### What needs to be done
Without the images, print all the entries below exactly as given.

----- Dataset excerpts

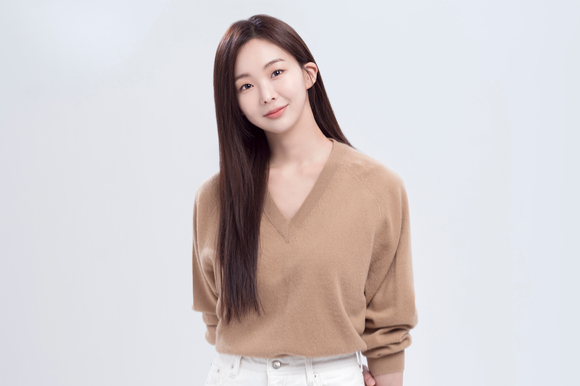 배우 금새록이 14일 JTBC 수목드라마 '사랑의 이해' 종영 인터뷰에 앞서 포즈를 취하고 있다. [사진=하이지음스튜디오]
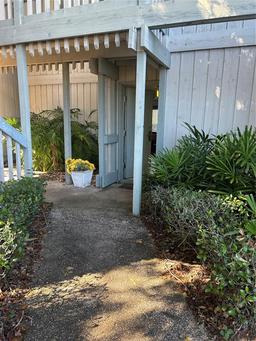 Picture of 2011 Corner Lake Drive Unit 15, Haines City, FL 33844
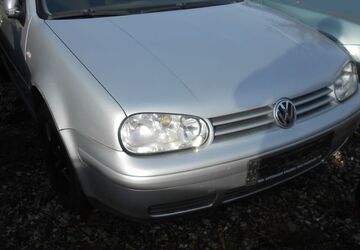 VW Golf 221.387 km 1.498 &euro; Wöllstadt 61206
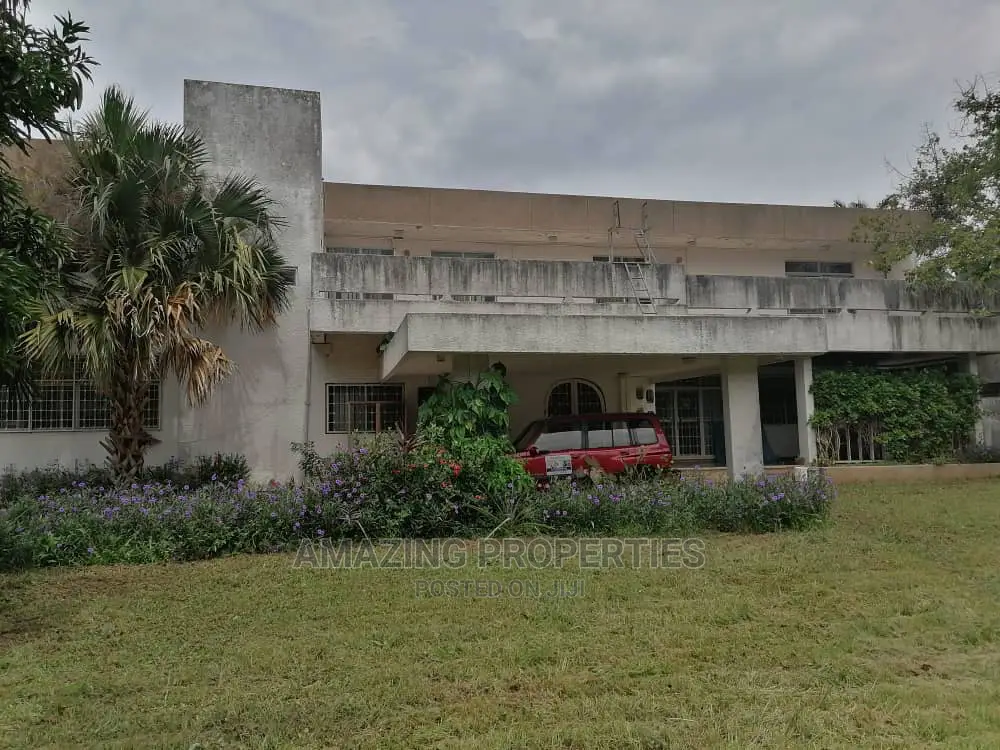 5bdrm House in Airport Residential Area for Sale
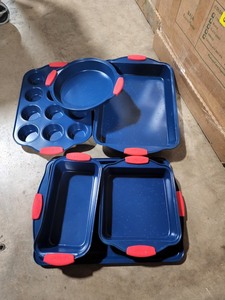 lot 500 image: Nutrichef 6 Pan Baking Set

----------

### Final answer
 배우 금새록이 14일 JTBC 수목드라마 '사랑의 이해' 종영 인터뷰에 앞서 포즈를 취하고 있다. [사진=하이지음스튜디오]
 Picture of 2011 Corner Lake Drive Unit 15, Haines City, FL 33844
 VW Golf 221.387 km 1.498 &euro; Wöllstadt 61206
 5bdrm House in Airport Residential Area for Sale
 lot 500 image: Nutrichef 6 Pan Baking Set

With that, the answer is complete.